Typically, fishing is best – and anglers are most highly concentrated – along the Yankee Fork region and near the Sunbeam Dam in March. The concentration of fish (and anglers) shifts upstream toward Lower Stanley, Sunny Gulch, and the Sawtooth Hatchery in April. We suggest trying a variety of spots according to your comfort level, skill set, and fishing type.

Keep in mind that the water is higher this year and the extremely high snowpack has made accessing some favorite areas much more treacherous than usual. Please be wise in your decision-making.
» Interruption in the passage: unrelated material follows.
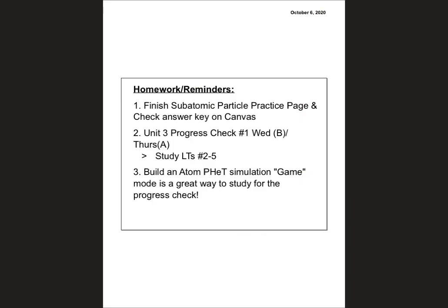Just a reminder, after the element quiz, you are going to finish that practice page. Check the answer key. You do have a progress check tomorrow on Canvas along with an isotope video. You should get the isotope Cornell notes that go with the video today so you have them ready to roll. And that game that you did yesterday, game mode on the simulation, you hopefully turned in a selfie. That should be another great way to study for the progress check in addition to this practice page. Good luck, everyone.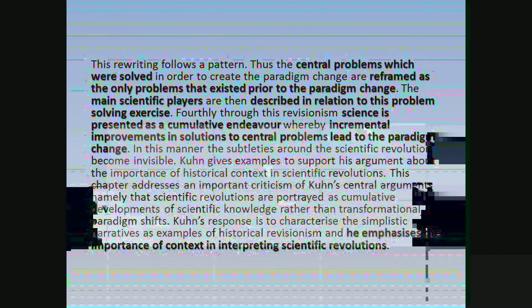Kuhn gives examples to support his argument about the importance of historical context in scientific revolutions. This chapter addresses an important criticism of Kuhn's central arguments, namely that scientific revolutions are portrayed as cumulative developments of scientific knowledge rather than transformational paradigm shifts. Kuhn's response is to characterise these simplistic narratives as examples of historical revisionism, and he emphasises the importance of context in interpreting scientific revolutions.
Learn More About Regions, Rules, and Regulations from Idaho Fish & Game

Rules You Need To Know

  • You can only keep steelhead with a clipped adipose fin. You’ll know the difference if there is a healed scar where it has been clipped.
  • All steelhead without a clipped adipose fin (considered intact) must be released if caught.
  • Anyone fishing for steelhead – even catch-and-release fishing – must have a valid fishing license AND a valid steelhead permit.
  • Kids under 14 years old are NOT required to purchase a steelhead permit, but they must be accompanied by a valid and licensed permit holder. Any fish caught by the child must be recorded on the permit holder’s card and counted against their limit. To avoid this, children may purchase an individual steelhead permit which will tally their fish and limits independently.
  • Along the Salmon River, only BARBLESS HOOKS with a maximum of a 5/8 inch gap between the hook shank and its point may be used to catch steelhead. Hooks may be single, double, or treble and, if barbed, they may have their barbs bent flat to the hook shank to meet the requirement.
  • The catch limit is 3 fish per day and 9 fish in possession at any time. The season harvest limit is 20 fish total. Any angler who has achieved the daily, possession, or season limit is required to stop fishing for steelhead – including catch-and-release.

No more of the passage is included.